8 October 2013
A British MEP’s blueprint for keeping the EU abreast of changing trends in key areas such as population growth, climate and shifting global power, received the enthusiastic backing of the European Parliament today (Tuesday).
A British MEP’s blueprint for keeping the European Union abreast of changing trends in key areas such as population growth, climate and shifting global power, received the enthusiastic backing of the European Parliament today (Tuesday).
The report by James Elles, Conservative MEP for the South East, builds on existing plans for a planning framework that would link the three EU institutions in identifying long-term trends on major policy issues.
It describes a world in rapid transition and points to fundamental changes in power, demography, climate, urbanisation and technology. Such scope and speed of change means that policy-makers must invest much greater effort into reading these global megatrends, it argues.
Specifically, the report calls for an agreement to be signed between the three EU institutions, the Parliament, Commission and Council, to ensure that staff with the right expertise are committed fully to analysing and monitoring global trends, creating an online repository of papers and source-material which should be available to policy-makers and citizens worldwide.

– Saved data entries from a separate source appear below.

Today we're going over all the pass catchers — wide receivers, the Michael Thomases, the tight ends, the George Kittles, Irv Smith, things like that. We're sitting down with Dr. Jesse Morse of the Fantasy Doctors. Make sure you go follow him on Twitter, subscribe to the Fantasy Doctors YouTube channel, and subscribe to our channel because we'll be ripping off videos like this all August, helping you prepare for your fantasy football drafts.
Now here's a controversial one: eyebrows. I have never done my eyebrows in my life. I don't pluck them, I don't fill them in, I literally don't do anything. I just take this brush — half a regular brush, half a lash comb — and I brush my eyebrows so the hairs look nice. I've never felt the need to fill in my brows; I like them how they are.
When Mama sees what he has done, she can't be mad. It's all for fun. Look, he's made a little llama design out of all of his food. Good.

Presenting his report to MEPs in Strasbourg, Mr Elles explained: “Effective EU policy-making will depend more and more on the timely identification of long-term trends that have a bearing on the challenges and choices facing the Union in an increasingly complex and interdependent world.”
But he said people should not have the illusion that the purpose of the planned European Strategy and Policy Analysis System (ESPAS) was to predict the future. History was littered with examples of those who thought they knew how events were going to unfold, only to find the opposite occurred, he cautioned.

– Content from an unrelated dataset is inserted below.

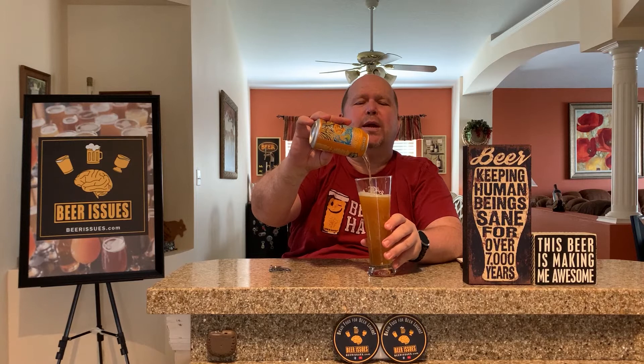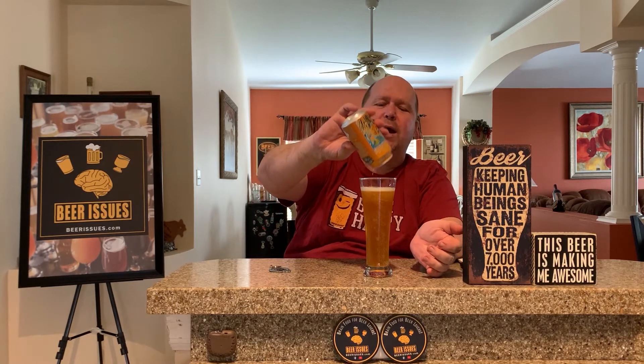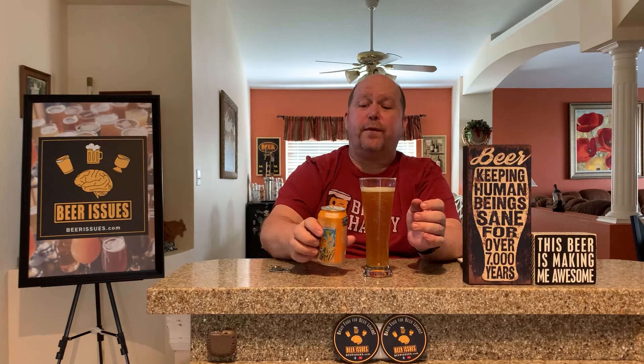Honestly, a tangerine wheat is probably not my favorite style of beer, but on a hot summer day or after you do some exercise, it's a delightful beer to drink. Another reason we're having this beer — this is one of my father's favorite beers. He loves the tangerine wheat, especially after he plays tennis or something like that, because it's a very refreshing beer.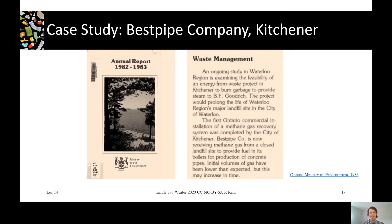Here's a local example of landfill gas utilization with direct combustion, mentioned in the Ministry of Environment's 1982-1983 annual report — pretty old technology. The Best Pipe Company was receiving methane gas from a closed landfill site, the Kitchener landfill, to provide fuel in its boilers for production of concrete pipes.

He went on: “The emphasis must be…on developing an effective capacity for the provision of independent, high-quality inter institutional analysis and advice on key trends confronting policy-makers within the EU system., on a regular basis.

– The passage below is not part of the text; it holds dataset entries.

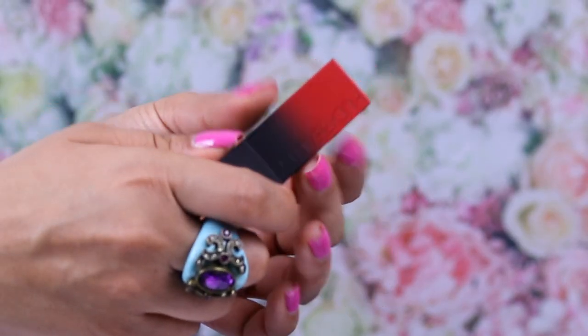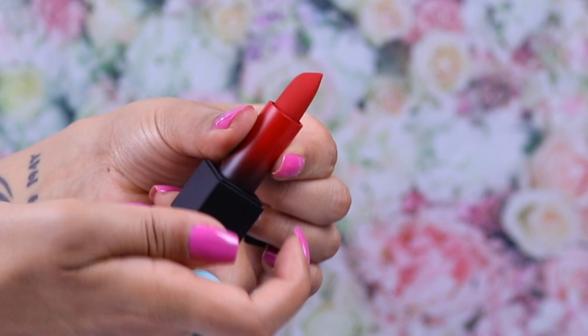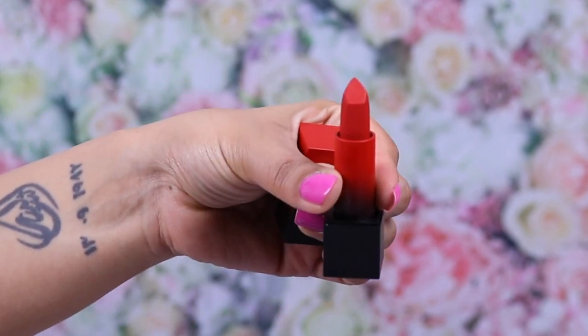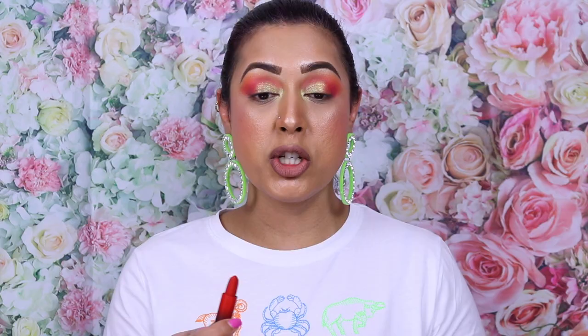Rant over. The packaging is exactly the same — it comes in this plastic casing and then has this diamond-shaped lipstick, which is supposed to help keep your lip line nice and crisp and neat. Personally I don't like it — I've mentioned that before. I find that until it's been used a couple of times and the diamond shape wears off, I end up accidentally going over my lip line. That's just my personal preference.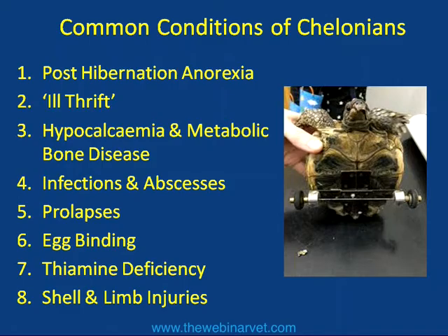Most often these are due to chronic issues with husbandry or nutrition on the part of the owner, and we have to be quite diplomatic in how we identify those and recommend changes. Tortoise owners in particular can be very set in their ways — what they've done for years and years has never caused a problem up to now, so it can be difficult to change their mindset and talk to them about improving husbandry or nutrition.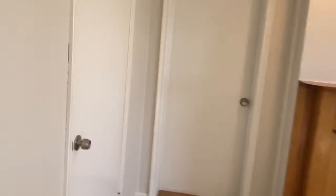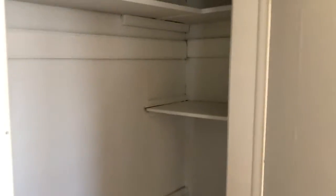Non-working fireplace adds charm here in the living room. Closet. Additional lock storage for bikes or whatever you need to put out here.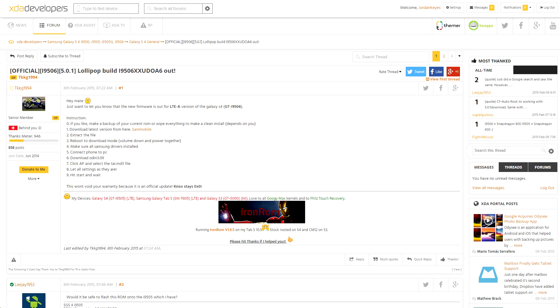An official version of Lollipop for the Galaxy S4 LTE-A version, the i9506, showed up this weekend over on SAM Mobile as well. And since this is an official version, it can be flashed over to your device using Odin, and it's not going to void your warranty, not going to trip Knox or anything. So I would say read through the forum thread anyway just to make sure people aren't having issues with it, but it should be decently safe.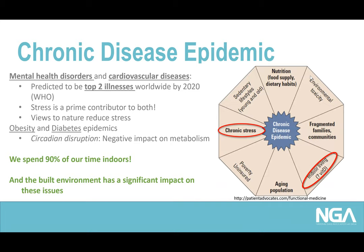In summary, we're spending 90% of our time indoors and we need to create indoor environments that support better health and well-being. This requires access to views of nature and access to daylight — giving us the right amount of light, of the right type, at the right time of day.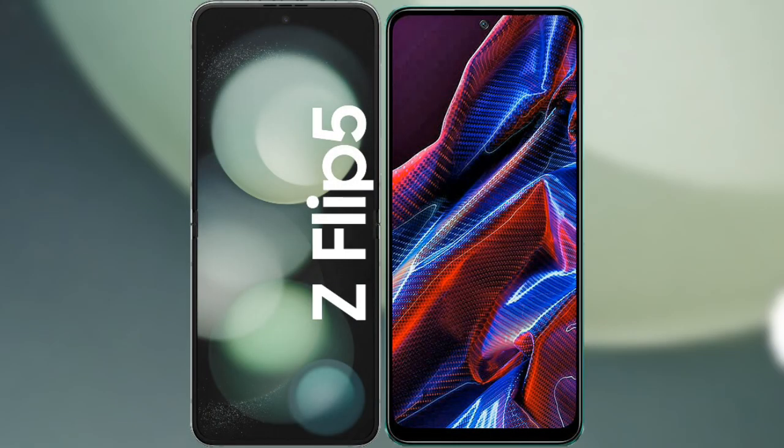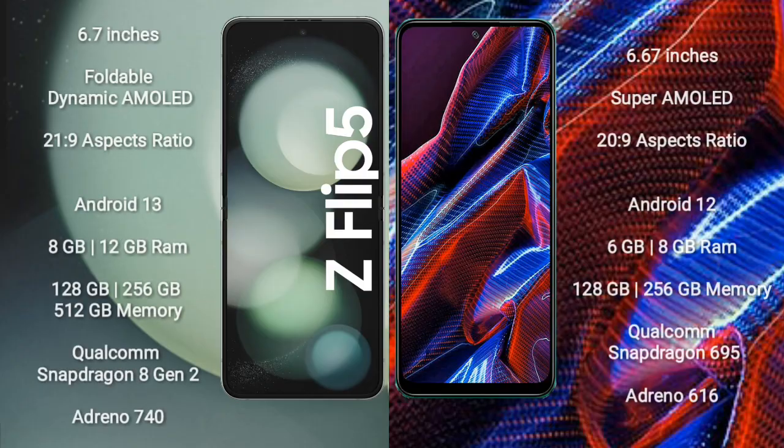I will compare the new Samsung Galaxy Z Flip 5 with Xiaomi Poco X5. Samsung Galaxy Z Flip 5 comes with a 6.7-inch foldable dynamic AMOLED display and an aspect ratio of 21.9. Xiaomi Poco X5 comes with a 6.67-inch super AMOLED display and an aspect ratio of 22.9.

He said a pilot project had already identified three major themes:
>The evolving empowerment of the individual, in part by technological change.
>The rise of the global middle class, against a backdrop of growing resource-scarcity and persistent poverty.
>The emergence of a multi-polar world where non-state actors play a critical role, with growing governance gaps.
Now, in a second phase, more attention was being paid to economic, social and governance trends, in the hope of identifying those with greatest significance for the EU over the next five years. A document setting out firm plans for on-going inter-institutional co-operation would be finalised towards the middle of next year for the incoming leaders of the EU institutions to consider.
Said Mr Elles: “If successful, ESPAS will be able to provide incisive and forward-looking documents which will help prepare EU decisions in an open manner, having access to the best information available. In the past, many have said that it is survival of the fittest…in tomorrow’s world, it is more likely the best informed who will be the survivors.”